Biden became a strong advocate for cancer research, with much of his inspiration coming after his son Beau died of brain cancer in 2015. His efforts were sometimes deeply personal — he used his own connection with cancer to speak with others, frequently on the campaign trail — and sometimes political, as he made it a cause he sought to address with new federal policies.

“Everywhere we go, people are sharing their stories, literally in grocery store stories, airports, ropes,” he said Monday.

Biden’s anti-cancer efforts also provided a rare moment of bipartisanship in Washington. Biden has worked closely with Republicans — including Senate GOP Leader Mitch McConnell (R-Ky.) — to pass the 21st Century Cures bill. It was one of the last pieces of legislation Barack Obama signed as president, and McConnell also announced that the Senate would rename the act’s cancer program after Biden’s son, a touching moment that had Biden ripped from the Senate president’s chair. bedroom.

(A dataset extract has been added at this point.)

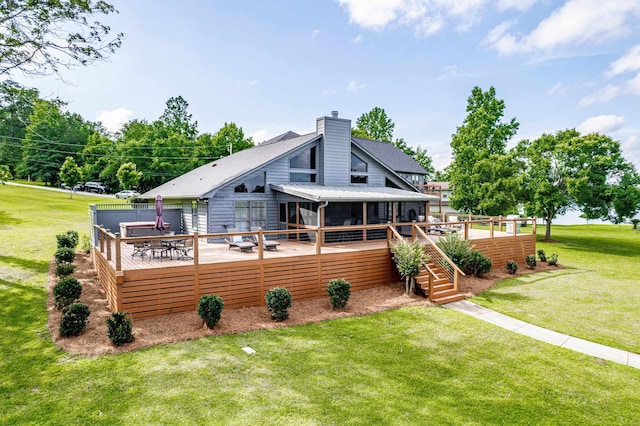 32 Lily Pt, Sparta, GA 31087 - rear view of property featuring a sunroom, a wooden deck, a chimney, and a yard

“He knows the cruel toll this disease can have,” McConnell said of Biden. “But he didn’t let it defeat him.”

Biden had used Beau’s death for years to speak out and defend cancer initiatives. He has spoken more openly in recent months about the possibility that his son’s cancer resulted from his military service near toxic fires in Iraq and Kosovo. Last month, with bipartisan support, he signed the PACT Act, new legislation that provides additional coverage for veterans who, like his son, were exposed to toxic burning stoves during their military service.

On his trip to Massachusetts, Biden also appeared with state Attorney General Maura Healey, who is the Democratic gubernatorial candidate and is running against Geoff Diehl, a former state lawmaker backed by Trump. . Healey participated with Biden in a photo line at the Kennedy Library.

And as Biden invoked President Kennedy’s yearning for the moon, he was also thinking of Edward M. Kennedy, the late Massachusetts senator and longtime Biden ally, who died of the same brain cancer as Beau.

Just after landing in Boston, Biden spoke about Senator Kennedy campaigning for him during Biden’s first Senate race, in 1972. He later reflected on Kennedy helping him after the death of his wife and daughter. girl in a car accident shortly after the election.

“Your family was there for me,” he told Caroline Kennedy, the late president’s daughter who introduced Biden. “And I will never forget it.”